4.1. Method of Application

In Section 3, all experiments are based on low-resolution images obtained by the known bicubic downsampling method. However, in the real world, the information transmission and compression processes are often unknown. Therefore, it is necessary to reconstruct the original low-resolution images of unknown degradation types to further discuss the generalization performance of the proposed method.

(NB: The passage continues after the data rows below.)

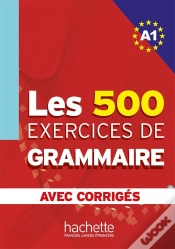 Capa do artigo Exercices A1 Avec Corrigés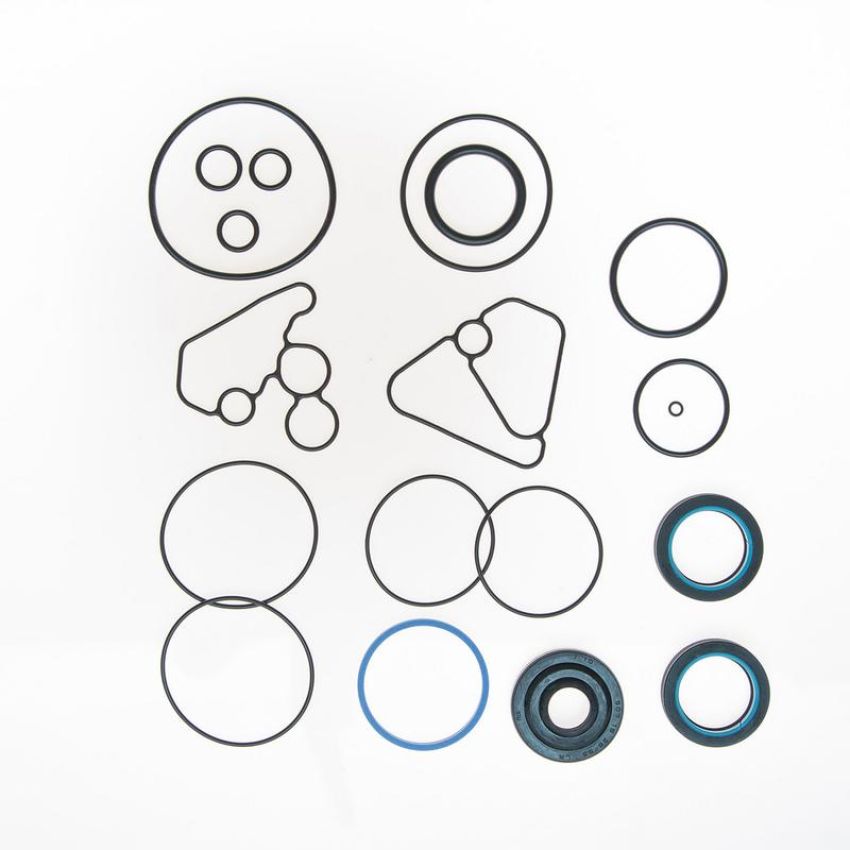 Edelmann 8652 RACK PINION SEAL KIT
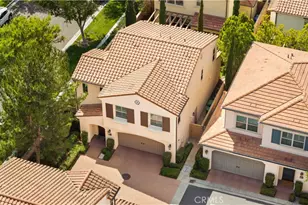 120 Pendant, Irvine, CA 92620 - Photo 34
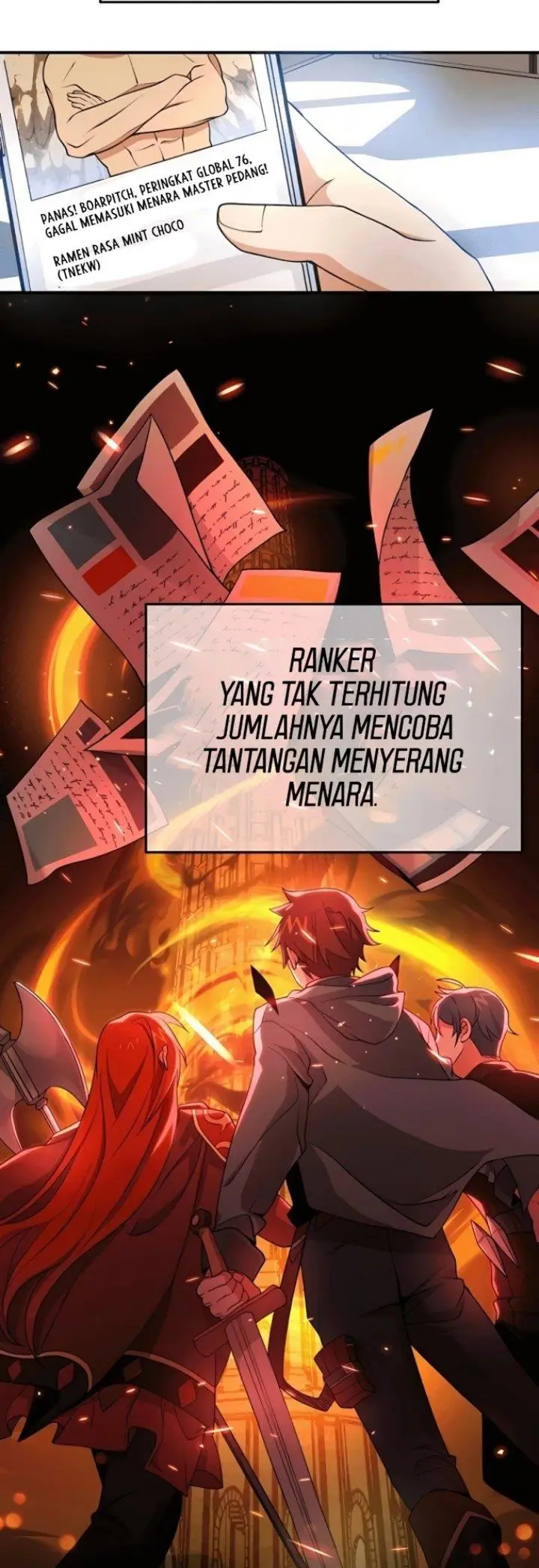 image-komik-heir-of-mythical-heroes-chapter-4-20/48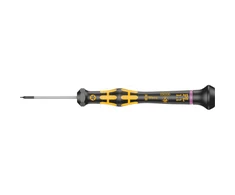 Atsuktuvas WERA 1573 Pentalobe ESD 1,1x40mm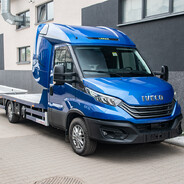 IvecoDaily_ avatar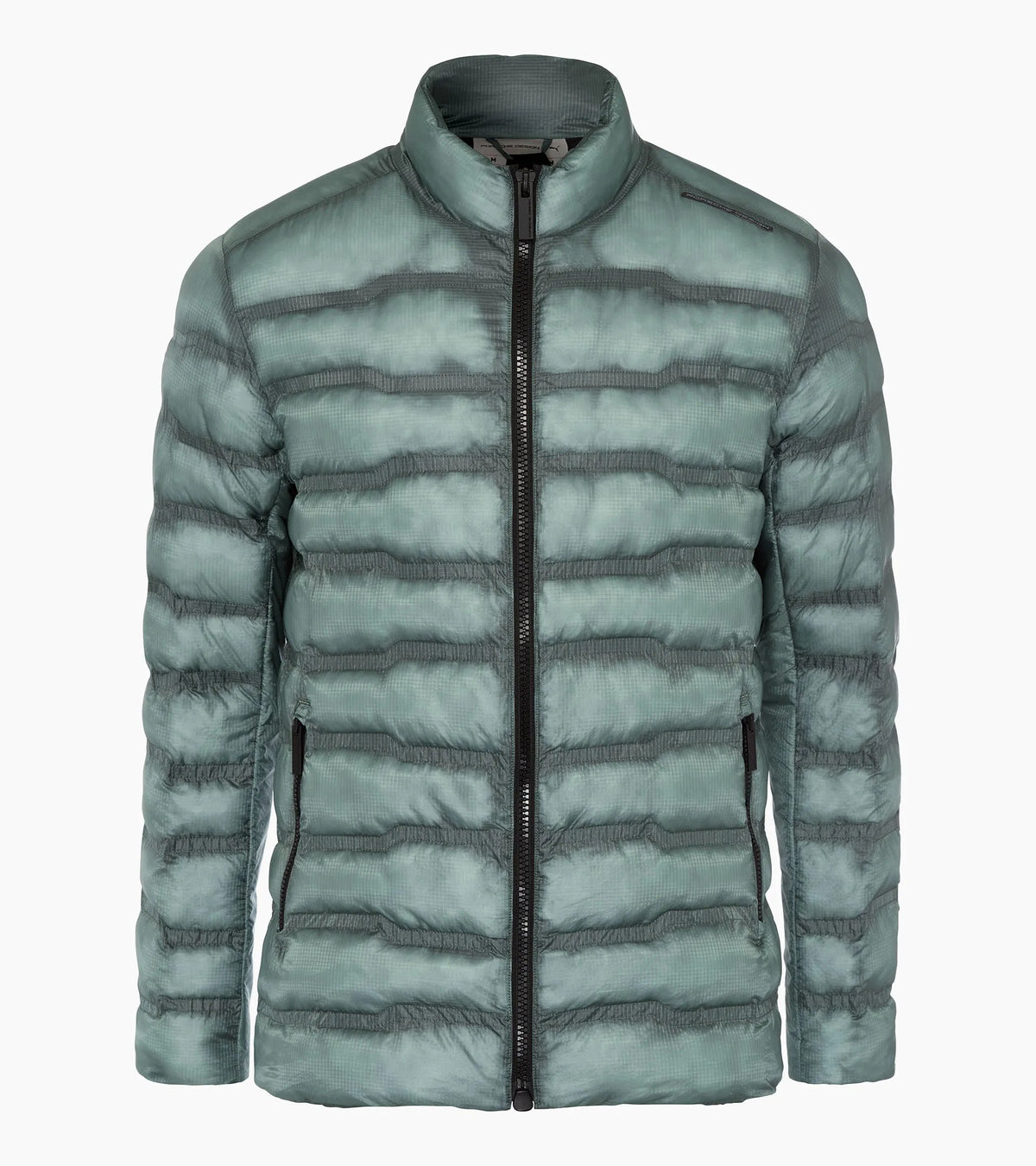 Porsche Design Smart Buy | Light padded jacket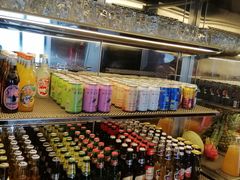 -Social 秀西餐厅-长沙瑞吉酒店(运达店)
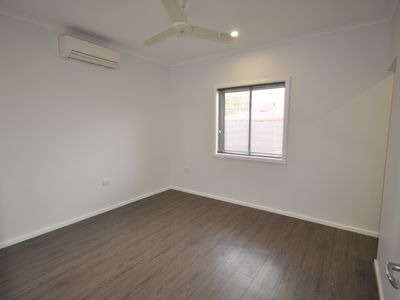 25 Yarrunga Crescent, South Hedland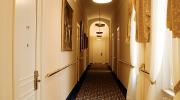 Отель Villa Tereza - 4*, Карловы Вары Отель Villa Tereza - 4*, Карловы Вары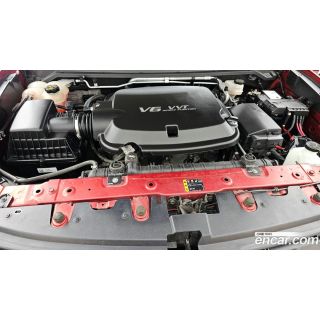 293461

For this purpose, we select images from the UC Merced dataset and do not perform degradation processing. Super-resolution reconstruction is performed using bicubic, SRGAN, HAT, and MWSFA methods. As shown in Figure 7, due to the lack of corresponding ground truth, the reconstruction performance of the methods can be compared by comparing the reconstructed visual effects.

4.2. Limitation

As previously discussed, while the PSNR and SSIM metrics primarily evaluate pixel-level and structural similarity, they do not fully capture the human visual system’s perception of images. The LPIPS metric, which better reflects perceptual differences, shows that our model achieves a higher score than SRGAN in 3× super-resolution tasks. However, despite achieving the best results in 2× and 4× super-resolution, the margin over other methods is relatively narrow. This suggests that, although our MWSFA model effectively captures and reconstructs high-frequency details, there is still room for improvement in how it integrates spatial and frequency-domain information. One possible explanation is that the current fusion mechanism, while beneficial, may not be fully optimized for guiding the spatial reconstruction process with frequency domain features. The challenge lies in ensuring that high-frequency information from the frequency domain is accurately utilized to enhance spatial domain reconstruction, avoiding potential issues such as blurred or incorrect details that can negatively impact perceptual quality. Additionally, the limited content in the 256 × 256 images from the UC Merced dataset may also restrict the model’s performance. Looking ahead, our future work will focus on refining the fusion of spatial and frequency-domain features to better align with perceptual quality metrics and enhance the consistency of reconstructed content.

5. Conclusions

Image super-resolution technology has been widely used in remote-sensing images. Remote-sensing images are usually large and contain repeated texture information, so the remote-sensing image super-resolution reconstruction task requires a feature-extraction network with a large receptive field. However, mainstream remote-sensing image super-resolution methods are usually based on stacked Transformer modules, and the receptive field is limited by the window size, resulting in limited reconstruction result quality. To address this challenge, we propose MWSFA.

We proposed a spatial-frequency joint self-attention network based on multi-window fusion, which paralleled a frequency-domain self-attention branch based on the original Transformer. The global characteristics of the frequency domain are used to expand the receptive field of the model, perform self-attention calculations fairly on each frequency band, and better utilize the same frequency information. At the same time, we propose a multi-window fusion strategy to fuse windows with similar textures so that self-attention calculation can extract long-range information and further effectively improve the receptive field of the feature extractor. Compared with existing methods, our model achieves higher visual reconstruction performance and achieves satisfactory results on three metrics. In addition, we conduct experiments on original unknown degradation-type remote-sensing images and obtain excellent performance, proving the robustness and practicality of our algorithm in practical applications.